[[ Excerpted data open ]]

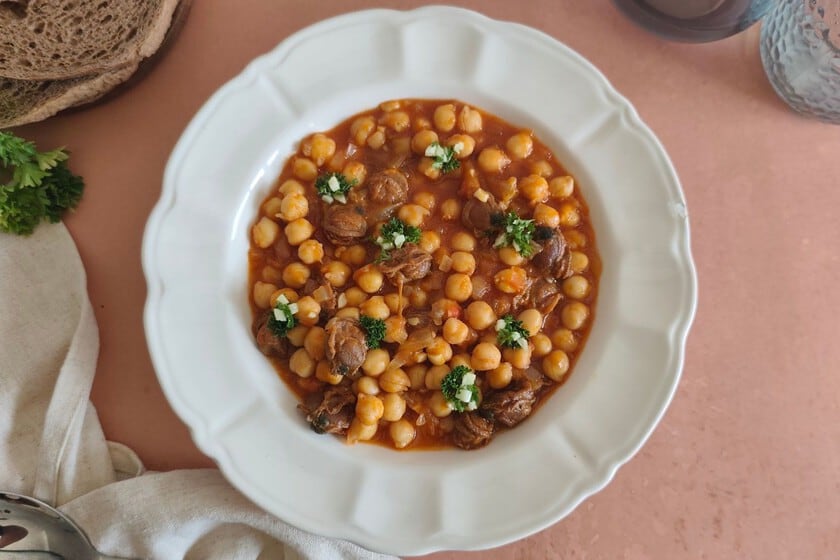 Garbanzos y zamburiñas: un guiso rápido con conservas para resolver la mesa en menos de media hora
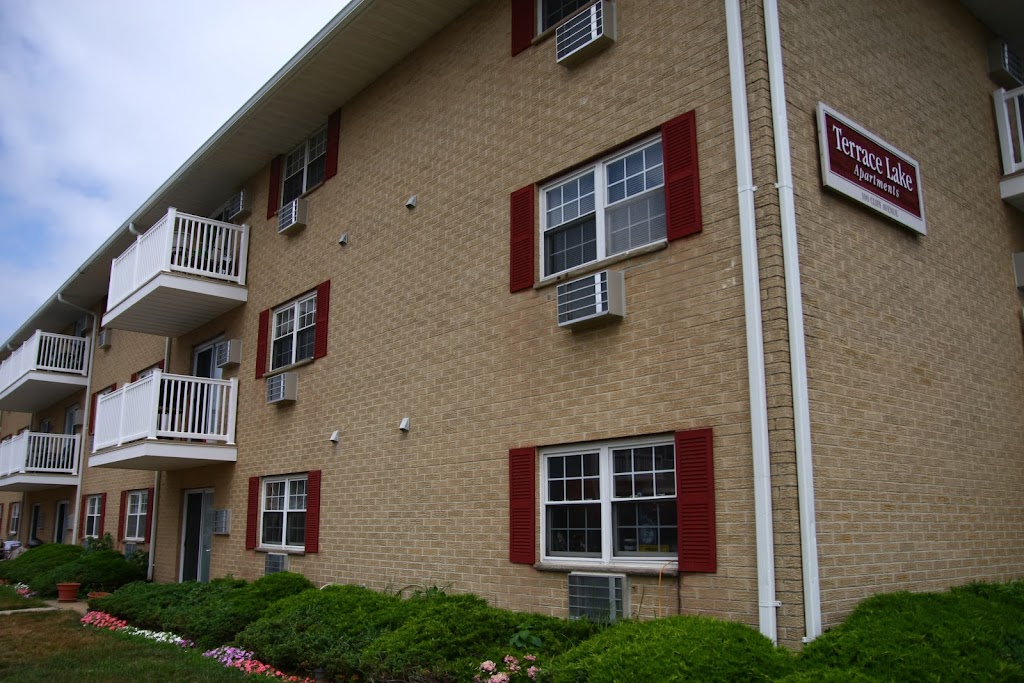 Terrace Lake Apartments | 100 Cliff Ave, Bradley Beach, NJ 07720, USA | Phone: (732) 508-0304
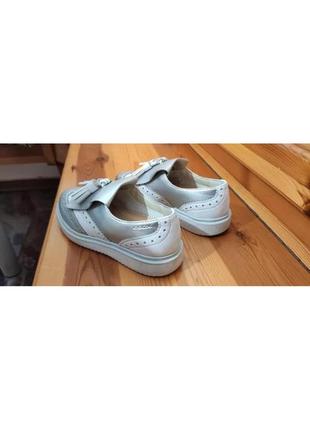 Черевички туфлі для дівчинки geox розмір 30 шкіра2 фото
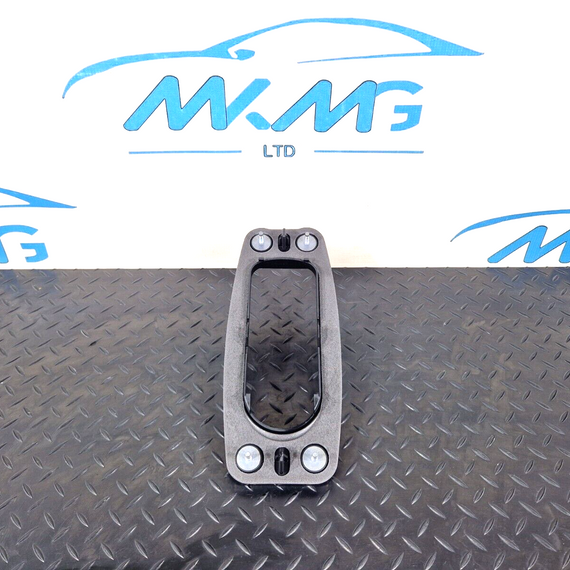 16-24 AUDI A5 F5 GEARBOX GEAR SELECTOR MOUNTING BRACKET 8W0711025B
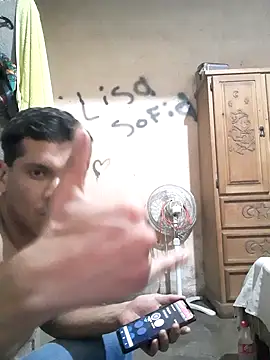Snapshot of HuffishStammer chatting on 07-30-26, 06:23 HuffishStammer online show from 07-30-26, 06:23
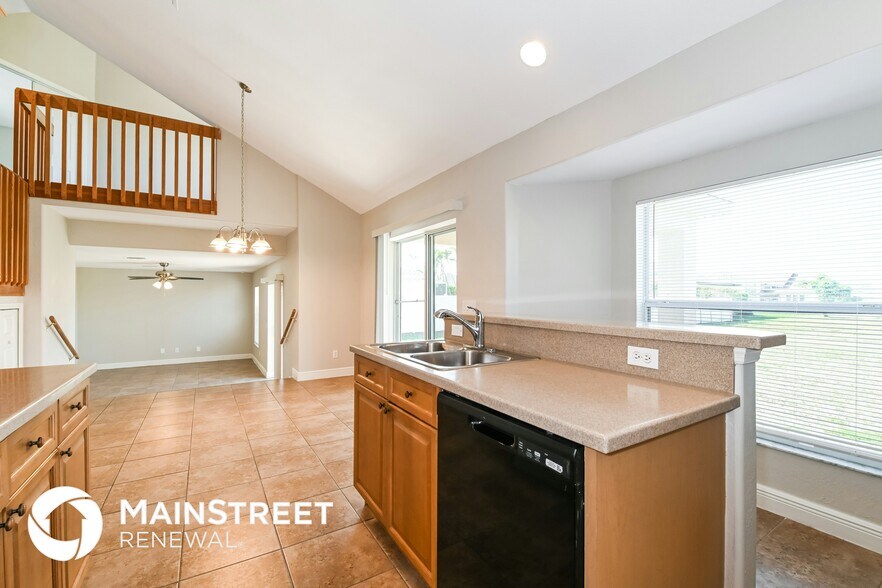 Building Photo - 1002 SW 4th Ave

[[ Excerpted data closed ]]

- **Exercise objective**
All of the records above should be returned exactly, though the pictures should not.

- **Answer to the problem**
 Garbanzos y zamburiñas: un guiso rápido con conservas para resolver la mesa en menos de media hora
 Terrace Lake Apartments | 100 Cliff Ave, Bradley Beach, NJ 07720, USA | Phone: (732) 508-0304
 Черевички туфлі для дівчинки geox розмір 30 шкіра2 фото
 16-24 AUDI A5 F5 GEARBOX GEAR SELECTOR MOUNTING BRACKET 8W0711025B
Snapshot of HuffishStammer chatting on 07-30-26, 06:23 HuffishStammer online show from 07-30-26, 06:23
 Building Photo - 1002 SW 4th Ave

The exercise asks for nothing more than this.